*** Records provided ***

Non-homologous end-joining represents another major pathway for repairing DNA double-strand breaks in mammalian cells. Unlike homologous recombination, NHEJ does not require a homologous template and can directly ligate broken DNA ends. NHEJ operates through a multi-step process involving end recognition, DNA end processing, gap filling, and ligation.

***
*** Records provided ***

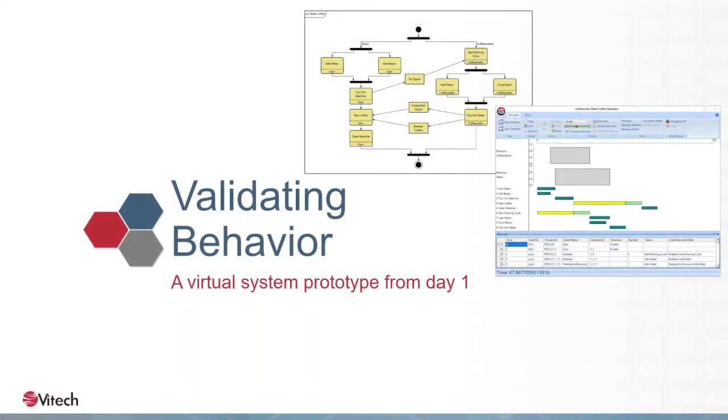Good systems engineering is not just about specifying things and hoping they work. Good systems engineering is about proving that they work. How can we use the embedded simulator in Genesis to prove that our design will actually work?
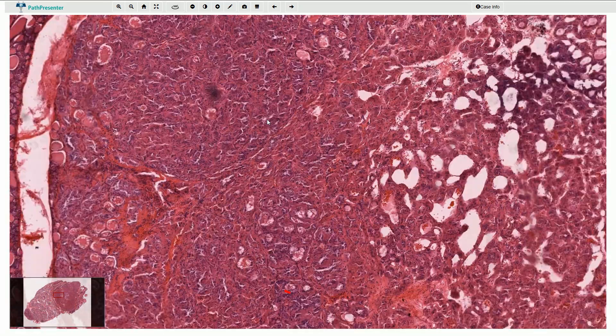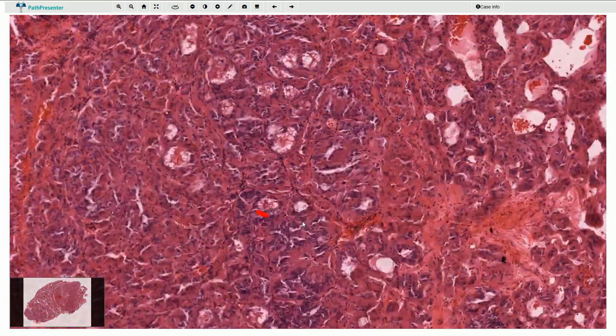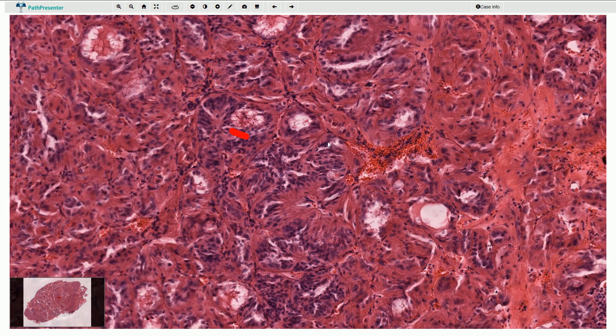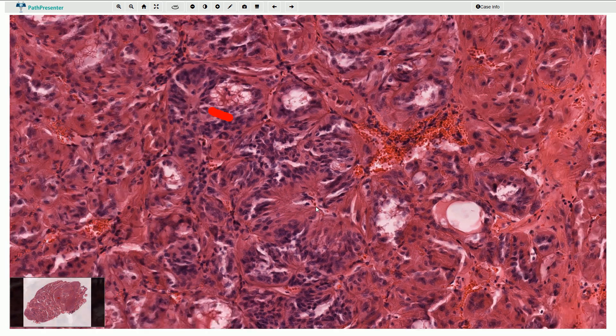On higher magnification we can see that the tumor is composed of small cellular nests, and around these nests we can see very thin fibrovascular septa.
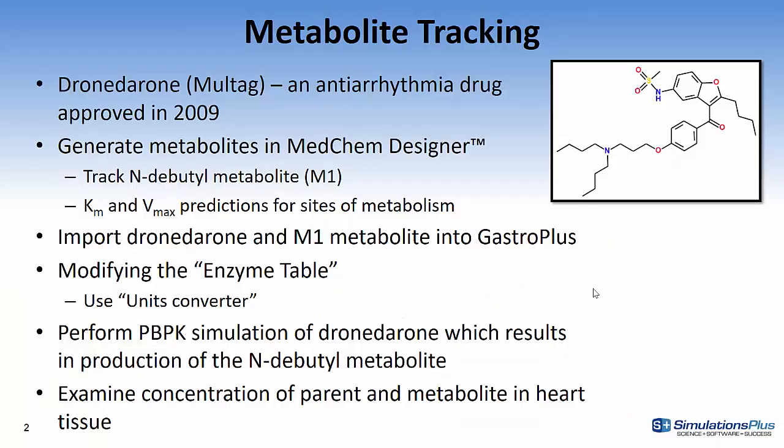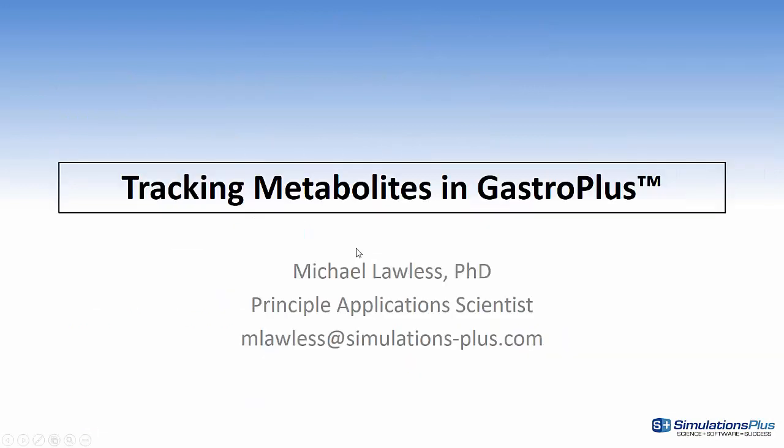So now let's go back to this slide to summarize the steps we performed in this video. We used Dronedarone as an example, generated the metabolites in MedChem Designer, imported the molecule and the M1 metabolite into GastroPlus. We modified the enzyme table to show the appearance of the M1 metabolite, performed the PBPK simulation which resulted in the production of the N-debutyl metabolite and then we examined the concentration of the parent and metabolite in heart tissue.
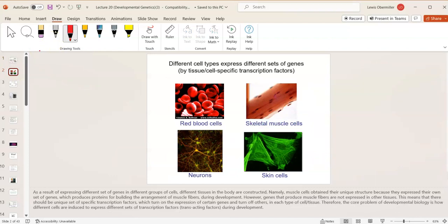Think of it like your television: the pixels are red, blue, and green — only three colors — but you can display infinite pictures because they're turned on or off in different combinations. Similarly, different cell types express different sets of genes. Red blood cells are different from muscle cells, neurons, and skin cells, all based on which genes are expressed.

***

Action item:
Beginning with the line above that contains "On higher magnification" and ending with the line that contains "Think of it", quote each line exactly, keeping out the pictures.

Response area:
On higher magnification we can see that the tumor is composed of small cellular nests, and around these nests we can see very thin fibrovascular septa.
So now let's go back to this slide to summarize the steps we performed in this video. We used Dronedarone as an example, generated the metabolites in MedChem Designer, imported the molecule and the M1 metabolite into GastroPlus. We modified the enzyme table to show the appearance of the M1 metabolite, performed the PBPK simulation which resulted in the production of the N-debutyl metabolite and then we examined the concentration of the parent and metabolite in heart tissue.
Think of it like your television: the pixels are red, blue, and green — only three colors — but you can display infinite pictures because they're turned on or off in different combinations. Similarly, different cell types express different sets of genes. Red blood cells are different from muscle cells, neurons, and skin cells, all based on which genes are expressed.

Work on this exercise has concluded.